Why would sane people willingly go to one of the numerous FEMA camps that exist across the U.S.? Answer: Because they are starving, have lost their homes, have no employment prospects, and literally have nowhere else to go.
The emphasis in the news of late on the Police State that is coming our way outlines the brutality that the “authorities” are using and are about to use on we the people, who are not of the “elite” class. Rounding people up to take them to FEMA camps is one scenario, and one that I believe is not unreasonable. However, I would like to step out of the box for a minute and take a look at the situation from another perspective.

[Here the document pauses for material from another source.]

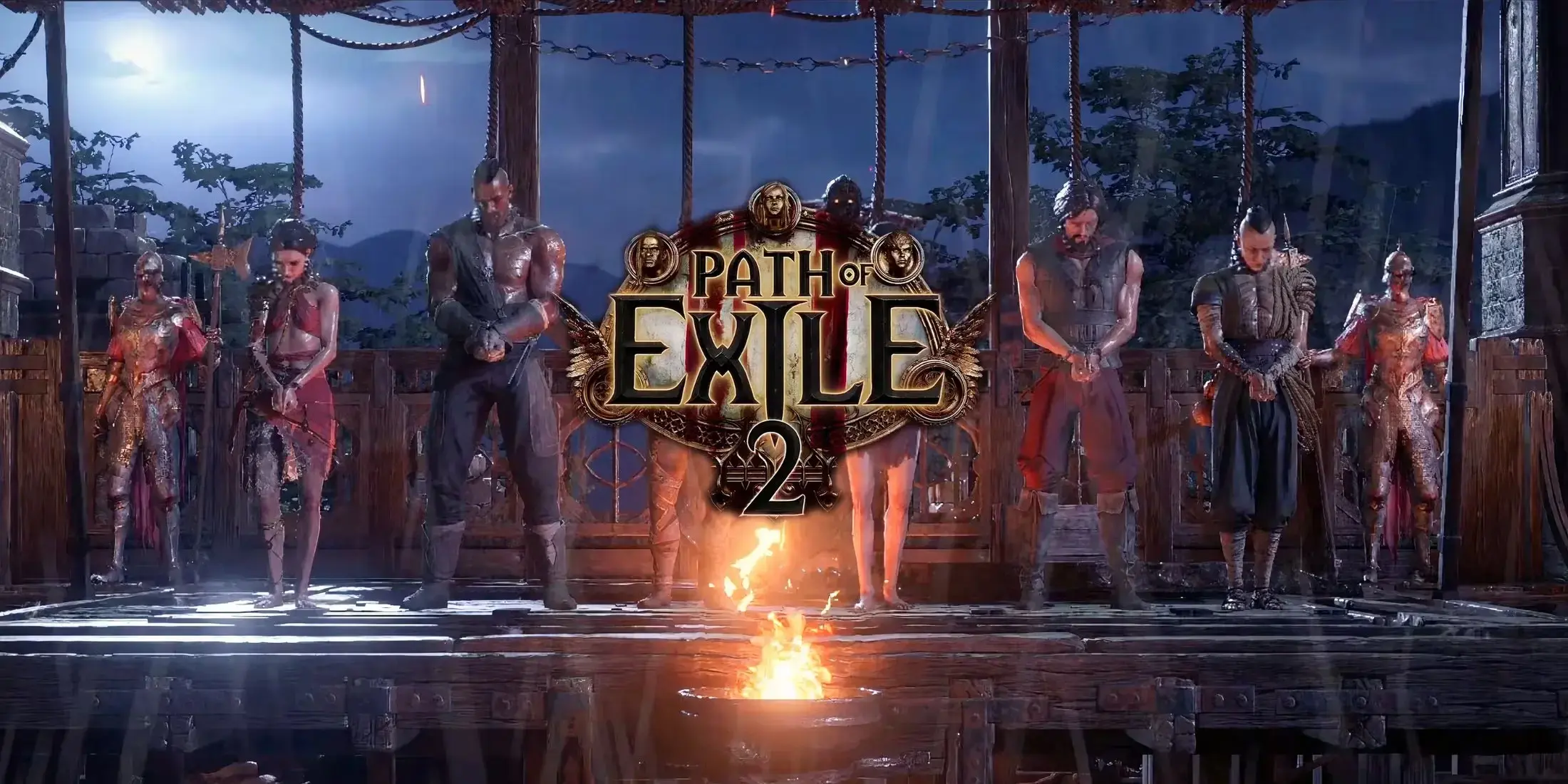 Path of Exile 2 Return of the Ancients key art featuring a giant burning-winged entity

Let’s look at New Orleans. One of the main disasters in New Orleans was the water. Another was the herding of people who had literally no place to go into detention facilities; excuse me, places of refuge. When they got there, these people were treated like rabble, then dispersed. People are still looking for dispersed family members that are who knows where. The poorer people literally gave up their freedom because they did not know what else to do. They had no homes, they were on the verge of drowning, starvation was looming, and the water was not fit to drink. Prime candidates for a FEMA camp; excuse me, place of refuge, experiment.

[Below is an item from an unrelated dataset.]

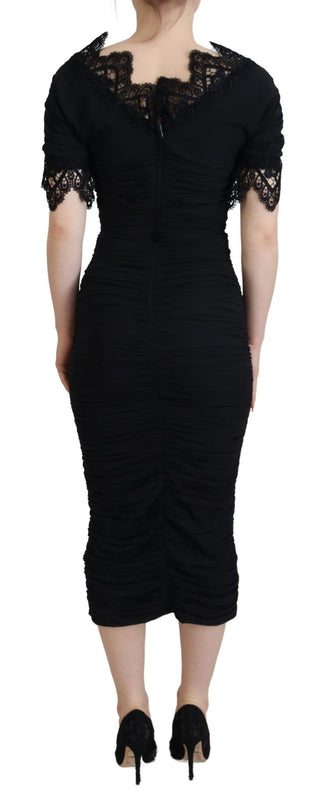 Schwarzes Etui-Midi-Bodycon-Spitzen-Seidenkleid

Now, let’s expand this picture to the coming depression. It is not over-the-top to look a bit into the future by looking into the past. It is 1929, and people are jumping out of windows. It is now 2008, or thereabouts, and people who have lost everything and do not know how to survive are running to the FEMA camps; excuse me, places of refuge, for food, shelter, and security.

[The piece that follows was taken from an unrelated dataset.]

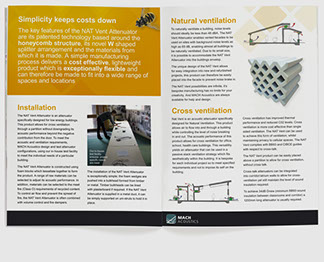 Design & art direction for promotional brochure for Mach Acoustics by Nick McKay. Second inside spread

The “authorities” do not even have to deploy force to a population that goes where it is supposed to willingly. With so many of us, which is the best method of operation? Yup, getting them to go willingly. By creating a situation that leads them to the right conclusions, you have your ready and waiting FEMA camps; excuse me, places of refuge, filled to the gills. The only thing required to start the process is a big enough catastrophe. Is a financial meltdown big enough? Just ask the poor people in New Orleans who were left with nothing when the water poured through town. They’ll tell you.